Pages

Wednesday, May 18, 2011

Pelangi KasihNya

Status di facebook temanku tertulis.... dying.. hopeless...empty... lalu muncul berbagai comment
simpati menanggapi kalimat tersebut. Kata-kata penuh kepedulian dan hiburan.

Aku sendiri bisa merasakan bagaimana dying, hopeless dan empty. Ketika musibah demi musibah
datang beruntun.. dan bersamaan.. rasanya hidup dalam keadaan kritis antara hidup dan mati.
Harapan hilang entah kemana. Kekosongan melanda ketika hati menjadi beku... mati rasa... yang
ada hamparan ladang yang gersang dan kosong.... tanpa batas.

Beruntung aku masih bisa berdoa. Walaupun sudah kehabisan permohonan. Yang ada tinggal
mohon kekuatan dan melepas semua harapan kepadaNya. Bersedia menerima ini semua dengan
ikhlas dan membiarkan rencanaNya yang terjadi. Karena memang aku tidak mampu membuat
rencana apa pun.

Jumat Agung

Berharap mendapatkan kekuatan dan pencerahan dengan mengikuiti sengsara Yesus, aku
memutuskan untuk mengikuti misa Jumat Agung di Gereja Wedi Klaten. Lokasinya cukup dekat,
sehingga cukup berjalan kaki kami bisa sampai ke tempat dimana kami ingin menghayati makna
Paska tahun ini. Walapun dekat ternyata sesampainya disana ruang di dalam gereja sudah penuh.
Tinggal kursi-kursi di bawah tenda di luar gereja. Beruntung masih ada tempat untuk kami duduk.
Menyeberangi halaman gereja, tiba-tiba ada anak kecil, diantara banyak anak kecil yang berlarian di
halaman, menyapa anakku, “mbak Stella...” sambil menggandeng tangan anakku dengan senyumnya
yang lebar menawan.

Leo, 5,5 tahun adalah keponakanku. Laki-laki kecil ini kemudian berlarian kembali di halaman
dengan teriakan riuh anak-anak lainnya. Kami duduk dan mencoba mengikuti jalannya misa Jumat
Agung dengan khitmat. Misa berbahasa jawa yang agak sulit kami mengerti dan ikuti, diriuhkan
dengan suara teriakan anak-anak yang menikmati misa dengan cara mereka sendiri. Berlari, tertawa,
berteriak...

Aku berpandangan dengan anakku, dan hanya bisa saling senyum... “bagaimana bisa khitmat ya...”.
Misa tetap berjalan hingga tiba acara mencium salib dan komuni dan selesailah sudah.

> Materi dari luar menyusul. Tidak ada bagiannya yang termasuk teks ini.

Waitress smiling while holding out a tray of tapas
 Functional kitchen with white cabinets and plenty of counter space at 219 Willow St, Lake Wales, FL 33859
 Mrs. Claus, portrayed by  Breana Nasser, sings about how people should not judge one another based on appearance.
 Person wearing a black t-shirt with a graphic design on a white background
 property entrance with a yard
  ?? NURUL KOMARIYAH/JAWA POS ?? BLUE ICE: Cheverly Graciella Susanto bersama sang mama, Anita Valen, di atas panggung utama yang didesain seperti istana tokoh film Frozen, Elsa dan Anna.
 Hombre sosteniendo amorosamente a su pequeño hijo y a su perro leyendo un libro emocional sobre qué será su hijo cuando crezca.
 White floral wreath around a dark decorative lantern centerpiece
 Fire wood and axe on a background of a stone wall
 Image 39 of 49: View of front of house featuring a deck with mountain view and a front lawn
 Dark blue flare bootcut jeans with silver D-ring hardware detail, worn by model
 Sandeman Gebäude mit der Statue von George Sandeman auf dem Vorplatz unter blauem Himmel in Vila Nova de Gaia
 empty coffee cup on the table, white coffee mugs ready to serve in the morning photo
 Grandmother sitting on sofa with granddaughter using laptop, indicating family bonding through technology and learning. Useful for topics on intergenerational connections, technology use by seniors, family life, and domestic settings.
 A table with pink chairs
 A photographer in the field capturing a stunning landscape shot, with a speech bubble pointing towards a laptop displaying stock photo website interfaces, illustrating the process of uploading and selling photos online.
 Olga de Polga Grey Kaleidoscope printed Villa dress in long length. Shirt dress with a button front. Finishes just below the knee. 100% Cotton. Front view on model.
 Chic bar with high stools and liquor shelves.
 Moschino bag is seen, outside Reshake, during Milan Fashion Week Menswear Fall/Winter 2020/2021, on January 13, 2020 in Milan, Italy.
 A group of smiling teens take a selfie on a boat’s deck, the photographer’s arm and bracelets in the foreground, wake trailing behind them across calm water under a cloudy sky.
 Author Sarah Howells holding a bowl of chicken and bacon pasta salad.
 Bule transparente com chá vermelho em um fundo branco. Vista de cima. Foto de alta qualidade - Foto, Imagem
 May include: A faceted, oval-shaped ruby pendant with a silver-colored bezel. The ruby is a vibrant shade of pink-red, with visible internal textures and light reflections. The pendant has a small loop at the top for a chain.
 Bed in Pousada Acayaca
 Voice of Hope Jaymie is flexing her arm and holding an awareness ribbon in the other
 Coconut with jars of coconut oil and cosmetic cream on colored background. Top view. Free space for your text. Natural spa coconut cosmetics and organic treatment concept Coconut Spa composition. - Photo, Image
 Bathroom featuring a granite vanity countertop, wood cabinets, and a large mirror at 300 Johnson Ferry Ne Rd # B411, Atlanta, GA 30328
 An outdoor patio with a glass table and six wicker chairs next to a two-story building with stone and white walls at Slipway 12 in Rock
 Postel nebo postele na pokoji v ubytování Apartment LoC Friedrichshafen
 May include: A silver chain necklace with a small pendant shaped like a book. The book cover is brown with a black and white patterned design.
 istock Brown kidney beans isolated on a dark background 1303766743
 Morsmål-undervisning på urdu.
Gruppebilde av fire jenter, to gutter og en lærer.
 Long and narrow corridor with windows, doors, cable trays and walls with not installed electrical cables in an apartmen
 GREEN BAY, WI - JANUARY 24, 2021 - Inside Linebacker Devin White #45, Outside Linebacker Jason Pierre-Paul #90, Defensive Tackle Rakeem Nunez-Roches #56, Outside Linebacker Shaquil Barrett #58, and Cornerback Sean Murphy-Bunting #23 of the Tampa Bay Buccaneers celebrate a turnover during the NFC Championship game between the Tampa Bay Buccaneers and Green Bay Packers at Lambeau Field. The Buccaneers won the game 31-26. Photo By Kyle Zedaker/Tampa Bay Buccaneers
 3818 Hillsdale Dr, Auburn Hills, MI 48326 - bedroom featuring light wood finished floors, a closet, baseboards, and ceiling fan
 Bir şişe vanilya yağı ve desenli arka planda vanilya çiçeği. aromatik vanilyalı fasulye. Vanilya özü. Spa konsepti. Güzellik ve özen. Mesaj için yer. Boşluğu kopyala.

Adik iparku, mamanya Leo berbisik di belakang kami, “ayo kita cari bakmi jawa.. aku lapar banget”.
Setelah hampir 2 jam kami mengikuti misa, ternyata memang perut minta perhatian dan kami
akhirnya beramai-ramai satu kendaraan menuju Klaten ke tempat bakmi jawa Mbah Dhemit, yang
terkenal enak.

Ada sedikit rasa kecewa dalam hatiku karena tidak mendapatkan pencerahan apa pun selama
mengikuti misa. Hati masih kosong, dan perasaan terasa mengambang. Kuputuskan untuk menerima
ini semua dengan senang hati. Bersyukur bisa bertemu dengan Leo yang ceria dan murah senyum,
dan sekarang akan menikmati bakmi jawa Mbah Dhemit.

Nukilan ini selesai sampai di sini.